Japan Consumer Price Growth Matches Forecast

Japanese consumer price growth matched expectations and personal consumption fell less than forecast in November, keeping alive speculation that the Bank of Japan could raise rates as early as next month.

But some analysts said the chance of a January rate rise has receded since a slowdown in Tokyo consumer prices, released a month ahead of the nationwide figures, signaled that nationwide price growth will remain tame.

Japan's core consumer price index (CPI), excluding volatile fresh food prices, rose 0.2% in November from a year earlier, government data showed Tuesday, matching economists' consensus forecast.

Core CPI in the Tokyo area rose 0.2% in December from a year earlier, lower than the consensus forecast of a 0.3% rise.

But in an encouraging sign for the BOJ, overall household spending in Japan fell 0.7% in November from a year earlier, a smaller pace of decline than a median market forecast of a 1.3 % drop.

Still, it was the 11th straight month of year-on-year declines. "It's hard to say anything positive about price conditions.

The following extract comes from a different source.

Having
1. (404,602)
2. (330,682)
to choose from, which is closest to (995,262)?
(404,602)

The rate of price rises will likely stay at a super-low levels," said Yoshiki Shinke, an economist at Dai-ichi Life Research Institute.

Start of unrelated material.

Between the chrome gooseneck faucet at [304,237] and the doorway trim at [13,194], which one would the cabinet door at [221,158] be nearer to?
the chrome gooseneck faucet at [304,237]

"The latest data would not make the central bank feel positive about an interest rate hike," he said.

The yen inched down against the dollar after the data but mostly held in a narrow range around 118.85 yen .

The BOJ left its overnight call rate target at 0.25% at a policy board meeting last week. It has kept the rate unchanged since July, when it raised interest rates for first time in six years.

Many traders had bet on a policy shift in January, but such expectations have receded after remarks by BOJ Governor Toshihiko Fukui at a news conference last week and in a speech on Monday, in which his comments were not seen as seeking to prepare markets for a rate hike in January .

Instead, Fukui expressed caution over signs of weakness in personal consumption and price growth, stressing that future rate hikes would depend on the central bank's analysis of economic and price conditions.

Core CPI has been hovering just above zero percent in recent months and its pace of increase is expected to stay slow on a decline in crude oil prices.

Separate data showed that Japan's seasonally adjusted unemployment rate fell to 4.0% in November from 4.1% in October, while the jobs-to-applicants ratio for November was 1.06, meaning 106 jobs were available per 100 applicants.

That was unchanged from October but lower than economists' consensus forecast of 1.07.